Frequent itemset generation

We will now look at a better technique to find patterns and detect frequently bought products. For this, we will be using the frequent itemset generation technique. We will be implementing this algorithm from scratch because, even though when we solve any machine learning or optimization problem we usually use readymade machine learning algorithms out of the box which are optimized and available in various R packages, one of the main objectives of this book is to make sure we understand what exactly goes on behind the scenes of a machine learning algorithm.
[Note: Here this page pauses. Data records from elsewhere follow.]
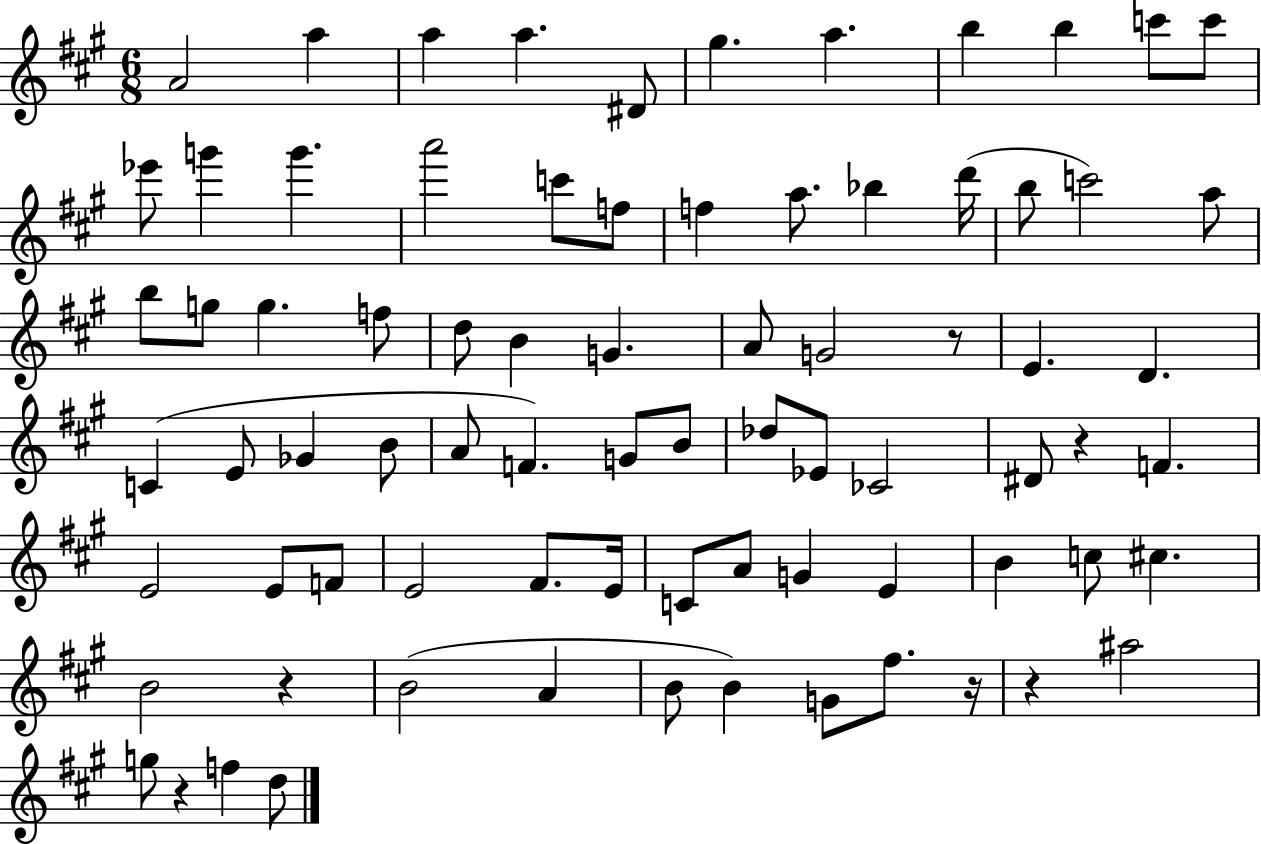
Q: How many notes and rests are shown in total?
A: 78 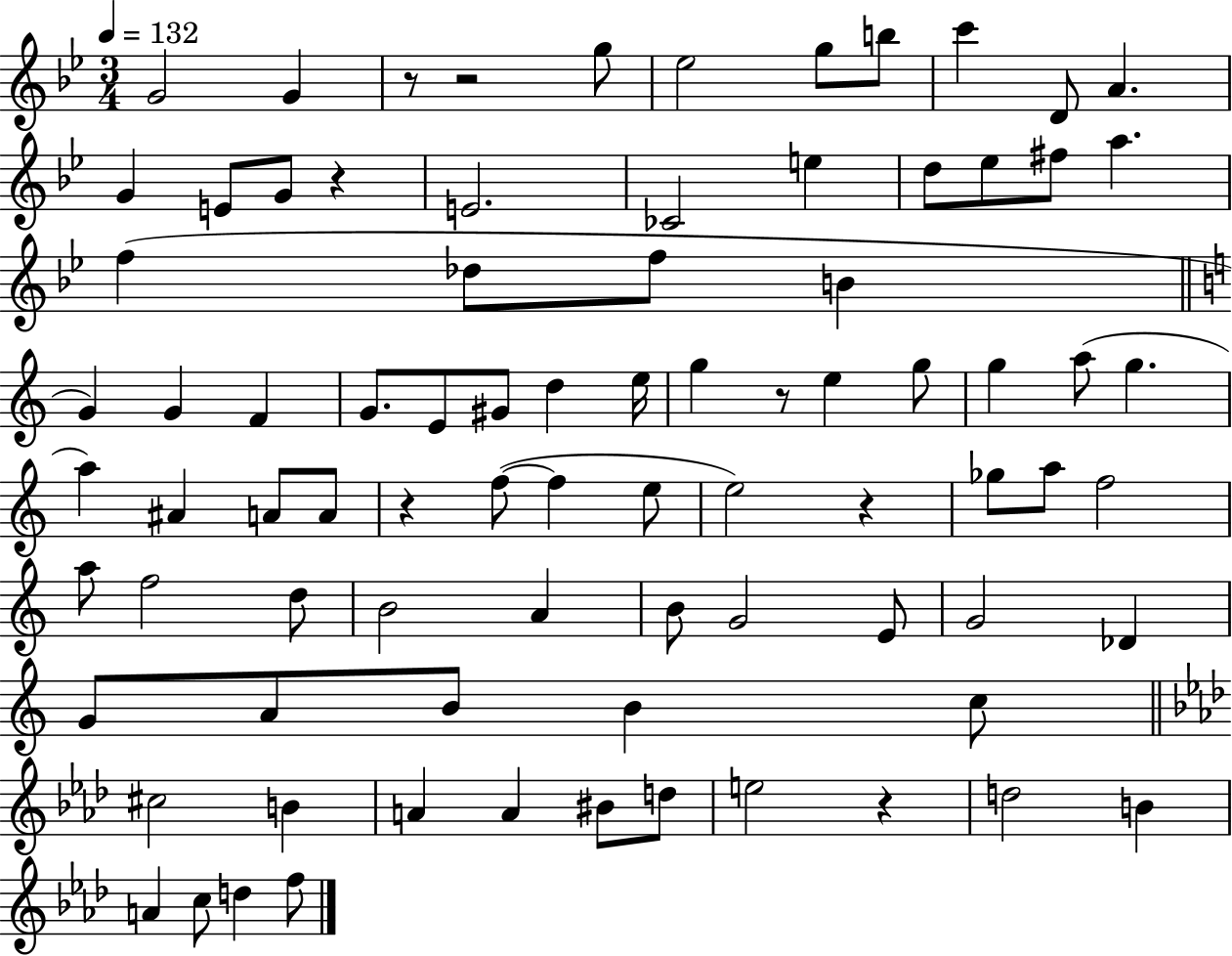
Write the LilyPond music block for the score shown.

{
  \clef treble
  \numericTimeSignature
  \time 3/4
  \key bes \major
  \tempo 4 = 132
  \repeat volta 2 { g'2 g'4 | r8 r2 g''8 | ees''2 g''8 b''8 | c'''4 d'8 a'4. | \break g'4 e'8 g'8 r4 | e'2. | ces'2 e''4 | d''8 ees''8 fis''8 a''4. | \break f''4( des''8 f''8 b'4 | \bar "||" \break \key a \minor g'4) g'4 f'4 | g'8. e'8 gis'8 d''4 e''16 | g''4 r8 e''4 g''8 | g''4 a''8( g''4. | \break a''4) ais'4 a'8 a'8 | r4 f''8~(~ f''4 e''8 | e''2) r4 | ges''8 a''8 f''2 | \break a''8 f''2 d''8 | b'2 a'4 | b'8 g'2 e'8 | g'2 des'4 | \break g'8 a'8 b'8 b'4 c''8 | \bar "||" \break \key f \minor cis''2 b'4 | a'4 a'4 bis'8 d''8 | e''2 r4 | d''2 b'4 | \break a'4 c''8 d''4 f''8 | } \bar "|."
}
Thus, we will see how we can build some of these algorithms ourselves using the principles of mathematics, statistics, and logic.

Getting started

The data we will be using for this is the shopping_transaction_log.csv dataset which we used to explain the concepts of market basket analysis at the beginning of the chapter. The code we will be using for this section is available in the ch3_frequent itemset generation.R file. We will first go through all the functions and then define the main function which utilizes all the helper functions to define a workflow for frequent itemset generation.

We will start by loading some library dependencies and utility functions:

## load library dependencies 
library(dplyr)  # manipulating data frames
library(gridExtra)  # output clean formatted tables

## Utility function: Appends vectors to a list
list.append <- function (mylist, ...){
  mylist <- c(mylist, list(...))
  return(mylist)
}

Data retrieval and transformation

Next, we will define the functions for getting the data and transforming it into the required format of a data frame consisting of products and purchase frequency. We also have a function to prune this data frame if we want to remove products below a certain purchase frequency threshold.

## Step 1: Function to read the dataset into memory from file
get_transaction_dataset <- function(filename){
  df <- read.csv(filename, header = FALSE)
  dataset <- list()
  for (index in seq(nrow(df))){
    transaction.set <- as.vector(unlist(df[index,]))
    transaction.set <- transaction.set[transaction.set != ""]
    dataset <- list.append(dataset, transaction.set)
  }
  return(dataset)
}  

## Step 2: Function to convert dataset into a data frame
get_item_freq_table <- function(dataset){
  item.freq.table <- unlist(dataset) %>% table %>% data.frame
  return (item.freq.table)
}

## Step 3: Function to prune items based on minimum frequency
##         as specified by the user.
##         Here min freq <- item.min.freq
prune_item_freq_table <- function(item.freq.table, item.min.freq){
  pruned.item.table <- item.freq.table[item.freq.table$Freq >= 
                                       item.min.freq,]
  return (pruned.item.table)
}

Building an itemset association matrix

Now, we will implement three functions to help us build the itemset association matrix. We start with building the first function, which returns us different unique itemset combinations from the list of items in our transactional dataset based on the number of items in each itemset passed as a parameter. This helps us in getting itemsets of a particular count.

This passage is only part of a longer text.